By Rob Bernshteyn, CEO, Coupa Software
- With tighter financial conditions in 2019 and tense political logjams across the US, Europe, and Asia, we’ll see more economic and policy uncertainty, and as a result, less predictable revenue growth opportunities. However, this will provide a great incentive for companies to maintain profitability by looking inward and becoming more agile, modern, and efficient at managing their business spend to ensure every investment the company makes drives shareholder return.
- Following high-profile fraud cases in 2018, and the issues around compliant workers brought on by Brexit, UK firms are expected to take great strides this coming year to tackle the demons that lay within. This will be done by implementing technologies that will give them a comprehensive view into all their business spend to ensure compliance, financial security, and safeguarding against fraudulent accounting. Businesses are rushing to get their arms around spending, which will protect against internal factors currently, but also the uncertainty ahead.

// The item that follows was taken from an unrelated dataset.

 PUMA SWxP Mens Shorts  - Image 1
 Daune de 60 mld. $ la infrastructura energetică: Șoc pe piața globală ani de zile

- AI and machine learning will continue to drive valuable business insights. When applied to how companies manage their money, insights around where and when to spend, compliance, and risk management can be gleaned. When considering what technology investments to make in 2019, it will be important for businesses to understand how the convergence of AI, machine learning, and big data is creating powerful ‘community intelligence.’ We will have new opportunities to ascertain value from data in ways we weren’t able to before and AI will have an immense impact on how companies manage their bottom line.
- Because of changing domestic policies and international trade agreements in 2019, companies who’ve globalised and become truly multinational will be at greater risk for being out of compliance when it comes to sourcing, procurement, and payments. It’s easy to forget things like FCPA penalties, new trade restrictions, or examining the cost of compliance when you’re trying to make smarter spending decisions next year. Without proper visibility into what you’re spending, compliance will always be a significant risk. Achieving true financial compliance requires centralised control with decentralised execution to yield informed purchasing efficiency, while providing financial oversight and auditability.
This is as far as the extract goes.